距離スキー立位の新田佳浩、新しい家族のために


「頑張る姿を息子に見せたい」、5度目の大会に臨む

距離スキー立位の新田佳浩、新しい家族のために

距離スキーで5度目の大会に臨む新田佳浩(右)と妻の知紗子さんら家族=2月

 パラリンピックを2人の息子に見せたい。距離スキーの男子立位に出場する33歳の新田佳浩(日立ソリューションズ)は5度目の大会に臨む。日本選手団の主将を務めた2010年バンクーバー大会では2個の金メダルを獲得した。今回も表彰台を狙う。

 ストックを持つのは右手だけだが、伸びやかな滑りと、特に上りでのスピードが武器。

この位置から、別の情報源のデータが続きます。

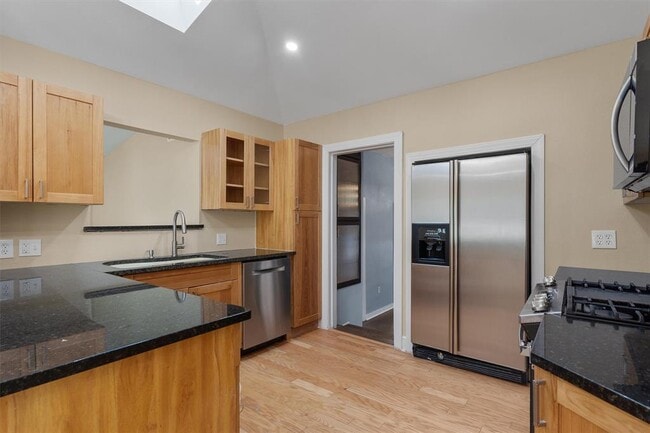 Photo - 400 E Monroe St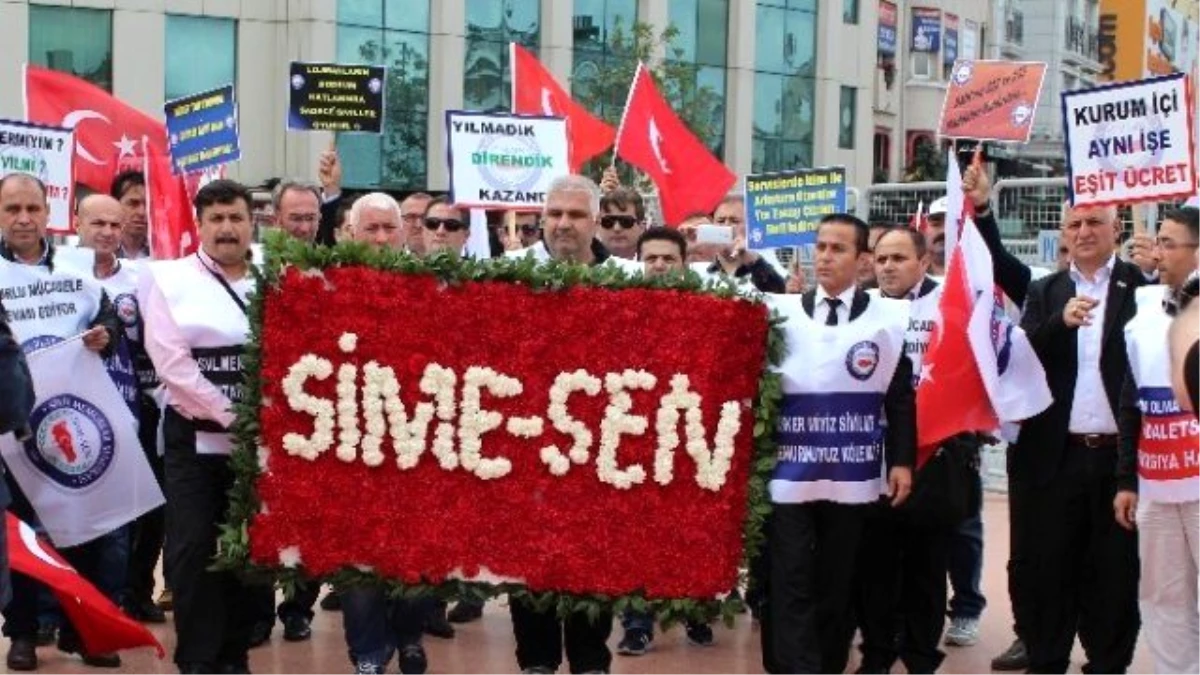 Sime-sen, Taksim Cumhuriyet Anıtı\'na Çelenk Bıraktı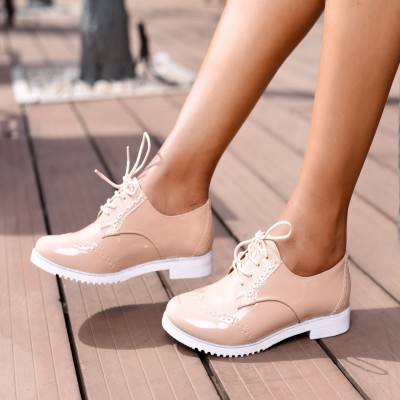 Women's Brogue Lace-Ups With White Sole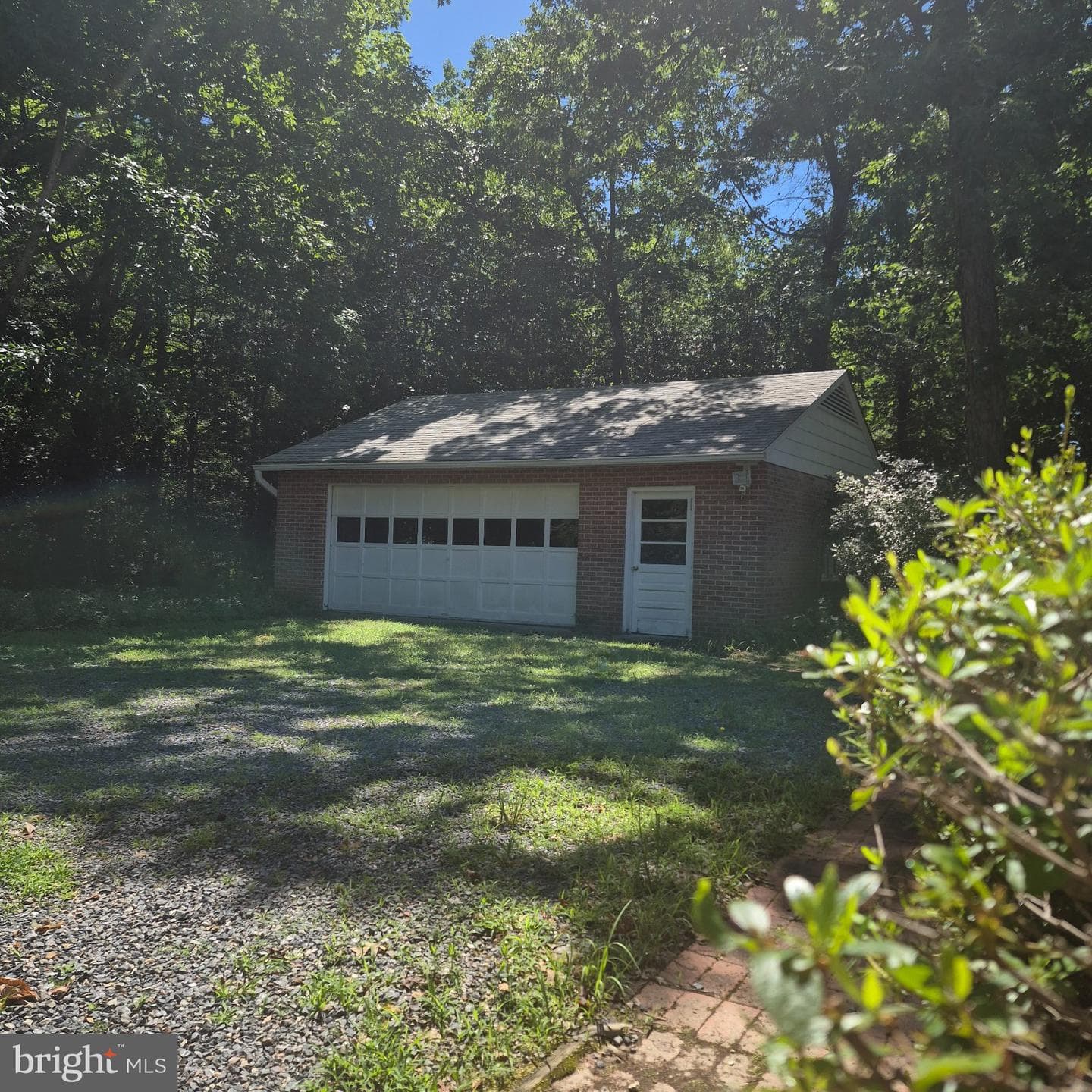 559 Lee Dale Drive photo 3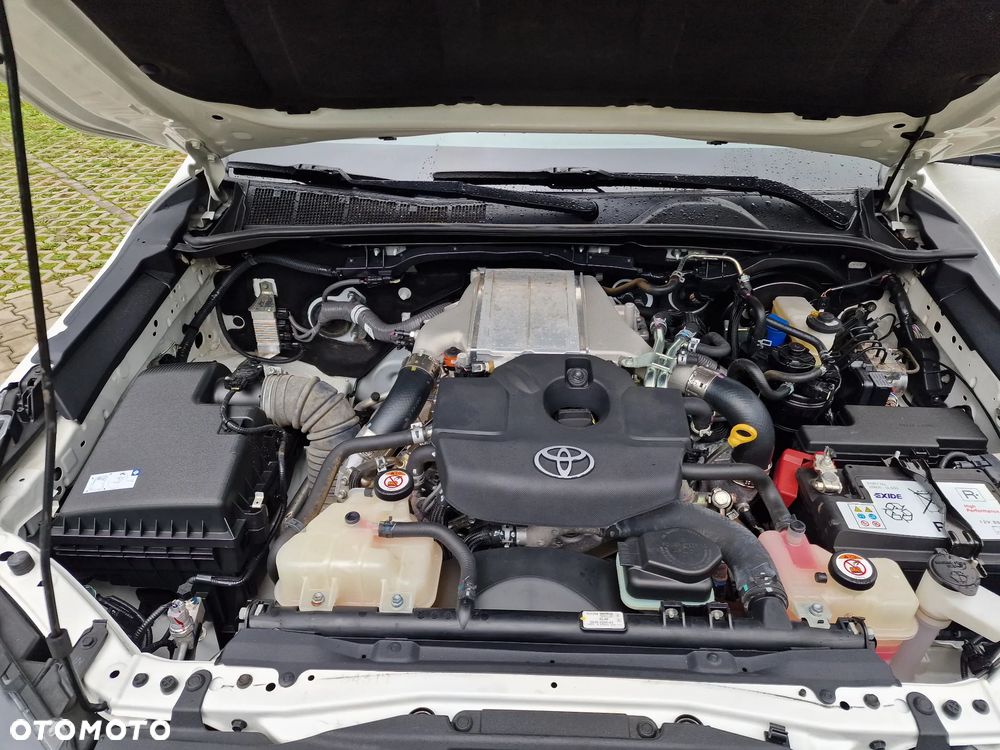 Toyota Hilux - 6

前回大会では、得意のクラシカルで、10キロと1キロスプリントを制した。終盤に失速しない走りを求め、今大会に向けて、ピッチ走法の習得に取り組んできた。昨季は結果につながらず苦しんだが、「徐々に自分の物になりつつある」と手応えを感じている。

 3歳のとき、祖父が運転する農業用機械に左腕を巻き込まれて、肘から先を失った。小学3年生で距離スキーを始め、1998年長野パラリンピックに17歳で初出場。負い目を感じる祖父に晴れ姿を見せようと、ひたすら競技に打ち込んだ。

 バンクーバーで獲得した金メダルを祖父の首から掛けた時の感慨は忘れられないという。その祖父が2012年に亡くなり、競技への意欲を失いかけたが、新しい家族に救われた。10年に長男、13年に次男が誕生し、「頑張る姿を息子にも見せたい」と再び気持ちを奮い立たせた。

 今回は妻の知紗子さんと2人の息子が応援に駆け付ける。「自分を信じて、チャレンジャーの気持ちで臨む」。大切な家族の存在を感じながら、力強く走り続ける。